We want Pr(Y|X) where Y is a question about the world and X all/everything/in toto of what we assume is probative. That’s not what we get usually. But we should! Here’s why. WARNING! If you are having difficulty viewing this post in a email, click the title in the email and view it on the site.
Video
Links: YouTube * Twitter – X * Rumble * Bitchute * Class Page * Jaynes Book * Uncertainty
HOMEWORK: Given below; see end of lecture.
Lecture
This is an excerpt from Chapter 9 of Uncertainty.
The Second Best Model
The goal of modeling should be this: to gather evidence X to make probability statements about propositions Y. Schematically, as in the last Chapter (this is expanded in a practical sense several Sections below):
Pr(Y |X) [eq 1].
Although probability is general and places no restrictions on the nature of the propositions Y, statistics and the physical sciences by custom and as a useful division of labor, but not of philosophy, restricts Y, and much of X, to be observable (contingent). X will contain past observations and other information, including deductions and possibly causal or logical propositions, thought probative of Y. Premise, assumption, or observation as names for X are preferred over variable, because premise and the like are easily seen to be what they are: assumptions. “Variable”, unless one is careful, can led to reification and mistakes in assigning cause. There are no parameters here, nor are there decisions: this model is pure probability. In this section, only the idea behind this approach is given; there are some suggestions about how to go about this at the end of this Chapter, and specific implementations in the next Chapter
Most unfortunately, statistics as practiced is rarely like [eq 1] and is something else entirely.
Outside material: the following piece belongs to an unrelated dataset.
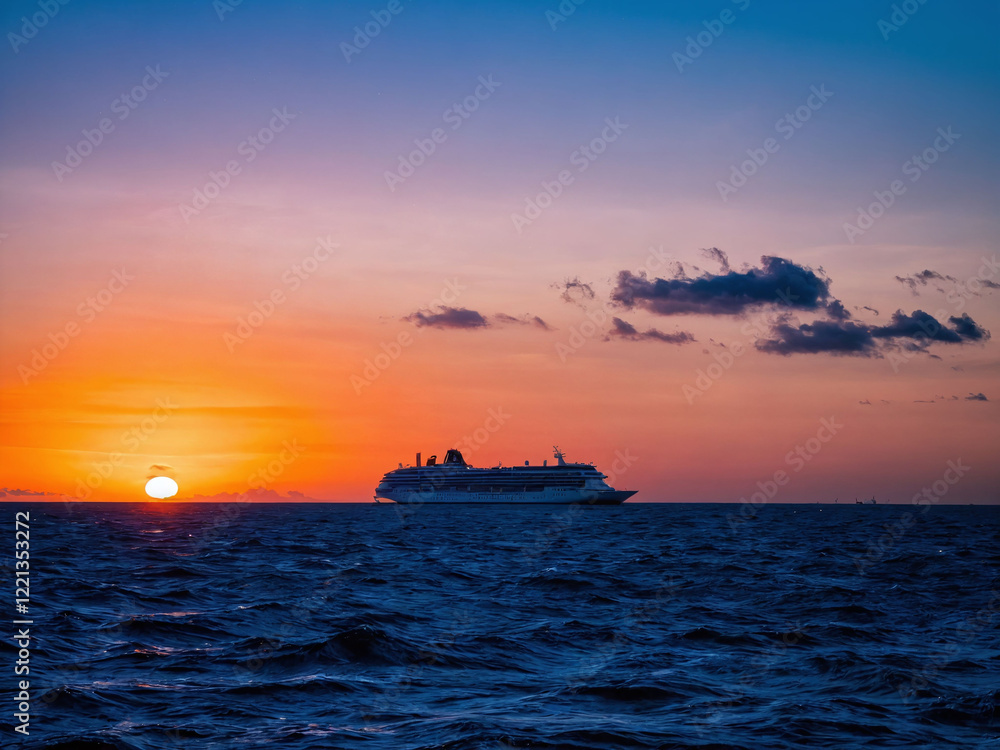 Cruise ship sails at sunset over tranquil ocean in vibrant colors and peaceful atmosphere Cruise ship sails at sunset over tranquil ocean in vibrant colors and peaceful atmosphere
Which is to say, the material that follows is not standard—but should be. Statistics as classically practiced is like this:
$$\mbox{Y} \sim D(\mbox{X},\theta), \mbox{ [eq 2]}$$
where the observable Y is said to be “distributed” according to some probability distribution D, which is a function of premises (usually a smaller set than in [eq 1] X, themselves indexed by parameters $\theta$. Now [eq 2] can be turned into [eq 1] by “integrating out” the uncertainty in the unobservable parameters. The operation is an integration over [eq 2] if $\theta$ is continuous, else it is a sum. In other words, given X, the probability of Y is the value of [eq 2] weighted by the uncertainty in $\theta$. Schematically:
$$\Pr(\mbox{Y} | \mbox{X}) = \sum_i \Pr(\mbox{Y} |\mbox{X},\theta_i)\Pr(\theta = \theta_i|\mbox{X}). \mbox{ [eq 3]}$$
where X “contains” everything we know, including past observations of the proposition of interest and probative observational data, other premises specifying the model, and specifications of new values of the probative data. This is a cartoon equation, which is made specific in individual implementations.
In modeling as commonly practiced, discussion settles on measures and statements about the parameters, about, that is, objects like $\Pr(\mbox{X}|\theta = h)$ in frequentist statistics or like $\Pr(\theta = h|\mbox{X})$ in Bayesian, for some value of the parameter $h$ (this can be a set). The remainder of the equation is forgotten. Because all or most of the math (as is proper) is set aside when communicating results, classical methods make errors in inference hard to spot, and it has led to a ritualized form of statistics. Decisions about Y based on statements about parameters mixes up probability and decision. Even in “non-parametric” statistics, the goal is decision not probability.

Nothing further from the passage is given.